Local news agencies quoted Energy Minister Alexander Novak as saying the government will discount export duty by 45 percent for new oil fields in the East Siberian regions of Krasnoyarsk and Irkutsk, the far north Yamalo-Nenets and Nenets districts, and the Republic of Yakutia.
Export duties are often the single largest tax liability for oil companies such as Anglo-Russian oil company TNK-BP (TNBP.MM), which is due to launch the new Suzun and Tagul fields in Krasnoyarsk in 2015 and 2016 respectively.
Russia's top crude producer Rosneft, (ROSN.MM) whose Yurubcheno-Tokhomskoye field is expected to be commissioned next year, and Gazprom Neft (SIBN.MM), whose Novoportovskoye field is due to come online in 2014, are also expected to benefit from the tax break.
The cuts in exports duty will be applied for big fields with reserves of at least 10 million tonnes and no more than 5 percent of depletion as of January 1, 2013. The proposals are subject to the cabinet approval, expected in mid-November.
Novak also said that lower mineral extraction taxes applied to remote fields would be extended to 2022 from 2017.
"The new decisions are bringing in new deposits, and this means new tax revenues," Novak was quoted by Interfax news agency as saying.
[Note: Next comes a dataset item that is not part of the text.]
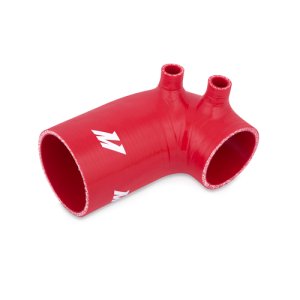 BMW Z3 M Coupe Performance Air Intake - Mishimoto - 3.5in HFM Silicone Intake Boot - Red - `99-`00 BMW Z3 M Coupe Performance Air Intake - Mishimoto - 3.5in HFM Silicone Intake Boot - Red - `99-`00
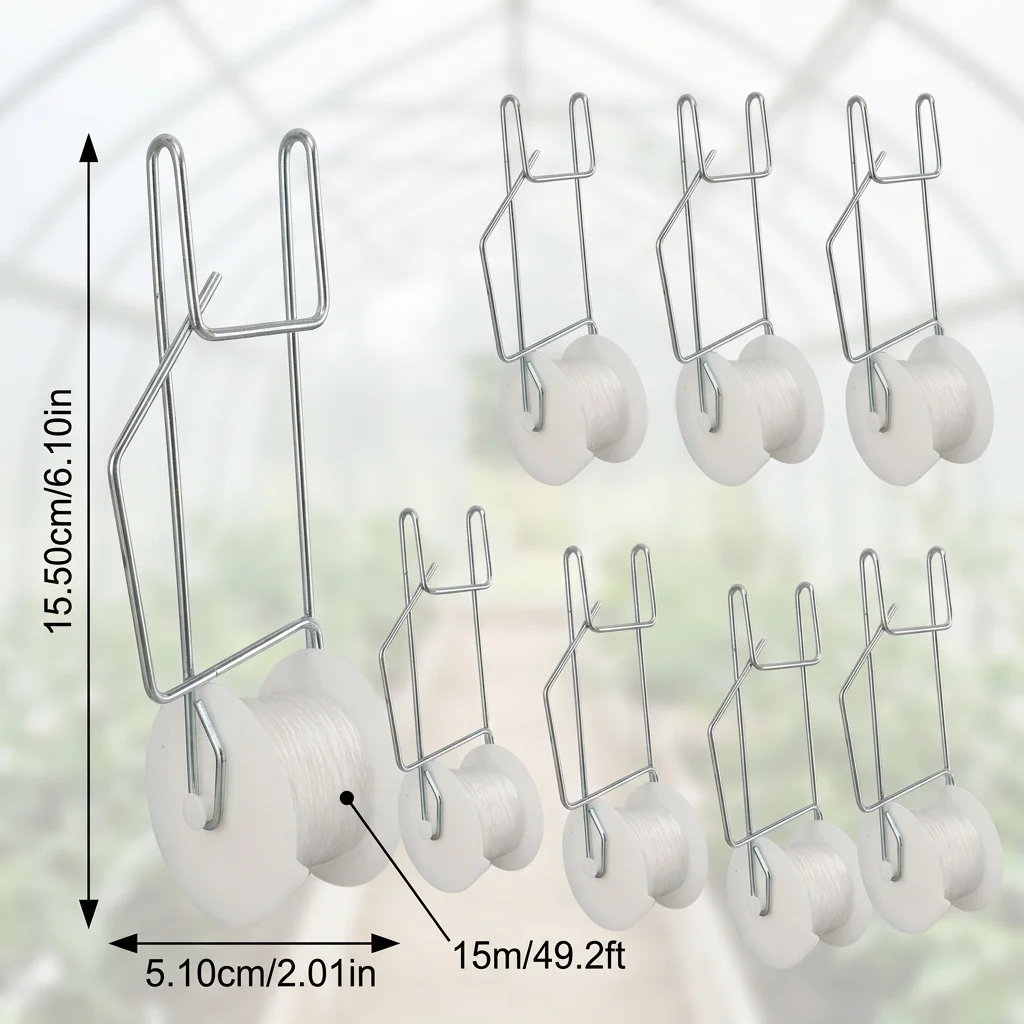 10 pçs/set jardim planta rolo - Plant Parent Kit avaliação e preço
He added that new production fostered by the tax breaks would generate $300 billion in total tax revenues, or $15 billion a year, until 2030.
So far only a limited number of fields have enjoyed a lower export tax rate, including oil produced at some newer fields in eastern Siberia, Gazprom's (GAZP.MM) yet-to-be-launched Prirazlomnoye Arctic oilfield, and two fields operated by LUKOIL (LKOH.MM) in the Caspian Sea.
Duty for the fields has been set at $210.1 per tonne in October, compared with a normal rate of $418.9.
Russia is aiming to maintain its crude production - a key source of budget revenues - at no less than 10 million barrels per day for the next 10 years.
Remote fields as well as oil hidden beneath layers of rock - so-called tight oil - are seen as the main sources of new crude production in Russia.